Fortunately for those who like to travel light, the game allows you to learn as you play. By accomplishing certain tasks or successfully negotiating certain areas, you're awarded a number of skill points, which you can then distribute among several key categories. If, for example, you're quickly bored by searching for elusive door keys, you can apply your skill points toward a better understanding of technology. Soon, you'll be opening locked doors through sheer knowledge and skill. Or you can allocate those points toward your overall strength and thus become so powerful that you can win fistfights with just a couple of blows.

One other very important facet is Cold Zero's custom controllable camera, manipulated by pressing down on the mousewheel or center mouse button and moving the mouse. Although by default it follows you through your mission, you can also instruct it to pan independently throughout a level to get a better look at things while you hide stealthily in the shadows. You can turn it and rotate it and move it about quite freely.

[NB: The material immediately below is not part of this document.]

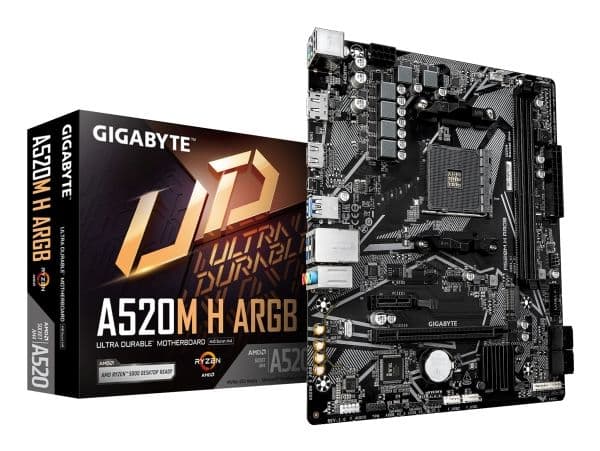 Gigabyte A520M H - Moderkort - Socket AM4 - USB 3.2 Gen 1 - inbyggda grafiken (CPU krävs) - HD-ljud (8 kanaler)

At many points in Cold Zero, you'll wish for a bit more liberty in the camera options.
At many points in Cold Zero, you'll wish for a bit more liberty in the camera options.

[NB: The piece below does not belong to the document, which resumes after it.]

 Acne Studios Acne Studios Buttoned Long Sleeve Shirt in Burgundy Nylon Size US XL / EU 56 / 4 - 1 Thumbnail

However, it doesn't turn automatically when you turn, nor will it automatically zoom in when it needs to, pan out where appropriate, or ever permit even a quasi-first-person view. Perhaps one of the most poorly implemented concepts in the game, the Cold Zero camera consistently requires manual control. You'll often find yourself struggling to spin or redirect the camera merely to get a halfway decent view of your adversary among all the scenery and foliage that keeps popping up. All the while, you're also trying to target and eliminate the enemy combatant, reload and rearm, or move one way or another. Ultimately, you'll find yourself dead more often than you should be. Indeed, few games kill off the central character so regularly.

It is fortunate, then, that on-the-fly saves are permitted. Even so, you're forced to tolerate several convoluted menu screens and a half-minute or so of reload whenever you do die and begin the level again or jump back to your last save. Moreover, when you do restart a level, you must manually fast-forward through the accompanying cutscenes, a process that can last up to another half-minute. Such downtime is not a good thing, especially when you'll endure it so often.

Despite its strategic premise and the wide variety of RPG-like actions you must enact to work your way through the game, Cold Zero is most often a monument to gunplay. Most levels are festooned with enemies, in much the same manner as a traditional first-person shooter. You'll attempt to talk your way out of situations, but usually to no avail. Even in your hometown before you travel to the many unique destinations Cold Zero offers, you'll scurry about trying to yap to anyone who might listen, doing your best to see beyond the kill-or-be-killed philosophy. It most often won't work.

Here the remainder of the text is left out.